I can't accept that you are no more and I won't be able to hear your voice. Then suddenly uncles came up and took you away for cremating. All of a sudden I started crying loudly although every other time when I was caught crying, my parents used to slap me but that day I couldn't stop myself. I was shattered. I ran after you even though I was afraid to go to the graveside but I didn't want to lose you.
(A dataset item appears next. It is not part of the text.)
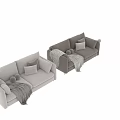 Beige And Gray Upholstered Sofa Interior With Pillows Blanket And Pom Poms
For the first time, I saw how a body turned into ashes. I even had fever, that day. After coming home, I cried a lot because no one was there to scold me. Then after the next morning, I went back to my hostel for the seminar. All the hostel mates were on vacation. Therefore, I had to spend the whole night alone, in fever. But I felt, you are always with me. I slept crying. At midnight, when I was shivering with fever maybe your soul called and asked me to eat something. Generally, I don't eat during sleeping hours. But that night I ate and cried loudly remembering you but all of sudden I felt smooth hair massage like you used to do and I fell asleep, again. Next morning I was late for college,was just able to reach before my turn, I gave my presentation properly and was appreciated. But all those appreciations didn't matter. I was hiding the pain with an artificial smile. I just wanted to finish everything and rush home.
The moment you left me, my heart was split into two parts. One was filled with your memories while the other died with you. I often lay awake at night when the world is fast asleep and take a walk down my memory lane with tears on my cheeks. It's hard to forget you, you gave me so much to remember you. When I was shattered or lost patience, I looked for you everywhere.
But there is no sign of yours. I know you might be angry with me for not fulfilling all your dreams.
You always asked me to study, you never said anything, how can I imagine you might send your fairy instead of you!
That was just an imagination, so sorry granny and thank you for saving me every time. If I could wish for one thing, it would be you calling out my name. Now, I would never disappoint you or my parents. I will fulfill all your dreams. Please bless and stay with me like always. Granny just smile and forget everything. God will call all of us one by one, we will be together again, wait for me until then.